The image forming unit 3 is of a so-called direct tandem type that is capable of color printing. The image forming unit 3 includes a process cartridge 7, a transfer belt 6, a scanner unit 8 and a fixing device 9, which are well-known structures.

The process cartridge 7 is an assembly of four cartridges corresponding to the four color toners of black, yellow, magenta, and cyan, which are connected in series along a substantially horizontal portion of the transport path P1. The process cartridge 7 has four photosensitive drums 5 respectively corresponding to the toners of the respective colors, a developing roller (not shown), a charger, a toner accommodating portion, and the like.

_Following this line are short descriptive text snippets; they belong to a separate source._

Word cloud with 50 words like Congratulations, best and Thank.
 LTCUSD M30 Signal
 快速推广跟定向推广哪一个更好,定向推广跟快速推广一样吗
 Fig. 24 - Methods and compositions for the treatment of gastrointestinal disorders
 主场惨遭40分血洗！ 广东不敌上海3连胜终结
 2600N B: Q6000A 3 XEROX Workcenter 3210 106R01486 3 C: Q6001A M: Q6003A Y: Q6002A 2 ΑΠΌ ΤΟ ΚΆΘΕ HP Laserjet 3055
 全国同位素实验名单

The transfer belt 6 is located below each photosensitive drum 5 with a substantially horizontal portion of the transport path P1 interposed therebetween. The transfer belt 6 circulates while sandwiching the conveyed sheet SH together with each photosensitive drum 5.

The scanner unit 8 is composed of a laser light source, a polygon mirror, an fθ lens, a reflecting mirror and the like. The scanner unit 8 irradiates each photosensitive drum 5 in the process cartridge 7 with a laser beam from above.

The fixing device 9 is provided behind the process cartridge 7. The fixing device 9 has a heating roller 9A located above the conveyance path P1 and a pressure roller 9B that is pressed from below toward the heating roller 9A with the conveyance path P1 interposed therebetween. The fixing device 9 heats and presses the sheet SH that has passed under the process cartridge 7 by the heating roller 9A and the pressing roller 9B.

A sensor 9S is provided behind the heating roller 9A and the pressure roller 9B in the transport path P1. The configuration of the sensor 9S is similar to that of the sensor 3S.

When the sensor 9S detects the sheet SH passing through the fixing device 9, the detection result is transmitted to the controller C1. Based on the detection result, the control unit C1 determines the timing at which the sheet SH exits the image forming unit 3, and controls the operation and stop timings of each of the above components.

The discharge unit 29 has a discharge roller 29A, a discharge pinch roller 29B, and a flapper 29F. The discharge roller 29A and the discharge pinch roller 29B are located on the most downstream side of the transport path P1.

The flapper 29F is provided behind and below the discharge roller 29A and the discharge pinch roller 29B in the apparatus body 2. The lower end of the flapper 29F is swingably supported by a frame member (not shown), and is capable of swinging between a position shown by a solid line in FIG. 1 and a position shown by a two-dot chain line in FIG.

The flapper 29F is held at a position shown by a chain double-dashed line in FIG. 1 by a spring (not shown). When the sheet SH is conveyed along the conveyance path P1 toward the discharge tray 2T, the flapper 29F is pushed by the sheet SH and swings to the position shown by the solid line in FIG. 1 to prevent the sheet SH from being conveyed. There is no such thing.

The image forming unit 3 forms an image on the sheet SH conveyed along the conveyance path P1 as described below. That is, the surface of each photosensitive drum 5 is uniformly positively charged by the charger as it rotates, and then exposed by the high-speed scanning of the laser beam emitted from the scanner unit 8. As a result, an electrostatic latent image corresponding to the image to be formed on the sheet SH is formed on the surface of each photosensitive drum 5. Next, the toner is supplied from the toner storage portion to the surface of each photosensitive drum 5 corresponding to the electrostatic latent image. In the state where the sheet SH is accommodated in the sheet tray 2C, one surface SH1 of the sheet SH faces downward. When the sheet SH is conveyed along the conveyance path P1 and passes through the image forming unit 3, one surface SH1 of the sheet SH faces upward and faces the photoconductor drum 5. Therefore, the toner carried on the surface of each photosensitive drum 5 is transferred to one surface SH1 of the sheet SH, and is heated and pressed by the fixing device 9. As a result, the toner is fixed on the sheet SH.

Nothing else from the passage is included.